Good Morning,
I am migrating a JPPF-based Crawler4J Fork (in this special case a focused crawler leveraging several ML-algorithmns) towards the StormCrawler SDK for research purpose.
The reason for this migration is twofold: (1) use standard software instead of tinker solutions ;) (2) performance of StormCrawler vs Apache Nutch (and then compared to our previous results with the JPPF-based Crawler4J Implementation).
For our use-case, a continious crawl with unlimited depth is mandatory.

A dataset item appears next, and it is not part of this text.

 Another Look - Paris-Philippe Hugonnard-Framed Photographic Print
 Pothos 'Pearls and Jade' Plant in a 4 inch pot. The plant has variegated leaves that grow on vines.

For this reason, we decided to start our customization based on the ElasticSearch components provided in the SC-external directory.
However, documentation about performance fine-tuning SC is rarely found in the Wiki or in the Issue tracker.
Some technical facts for our setup:
- We have plenty of bandwidth for this experiment:
- The University's core router is connected with 40 GbE to the Internet
- Our server infastracture (Cisco UCS blades based on VMWare / ESXi) is also connected with 40 GbE
- We have a Storm-Cluster (exclusivley for this work) consisting of 24 virtual machines running on Ubuntu 16.04 LTS
- 3 Nimbus Nodes + Zookeeper
- 21 Supervisor Nodes (4 vCores, 4 GB Ram)
- At the moment one ElasticSearch Instance on Ubuntu 16.04
- 32 GB Ram, 4 vCores + Storage
So I have the following questions (maybe you have some hints / ideas with your experience with SC and detail knowledge as author):
- I assume, that the status-Index will grow a lot over time - at the moment we are using the AggegrationSpout with bucket sorting based on a (previously computed) priority value.
- Is a single ES instance the bottleneck here?
- Would it be better to use more than one ES instance?
- Is there any available SC documentation related to the configuration parameters of the ES extension? If not, I will have to need to read the code in detail :)
- Are there any other hidden pitfalls, then configuring the parallelism hints for the SC bolts like Fetcher, Parser, etc? I already found, that the amount of ES spouts needs to equal the amount of ES shards :)
- As I am quite new with Storm, SC and ES: Can you personally recommend a good source for configuration parameter information?
I am open for any answers / questions or related discussion :)
Thanks,
Richard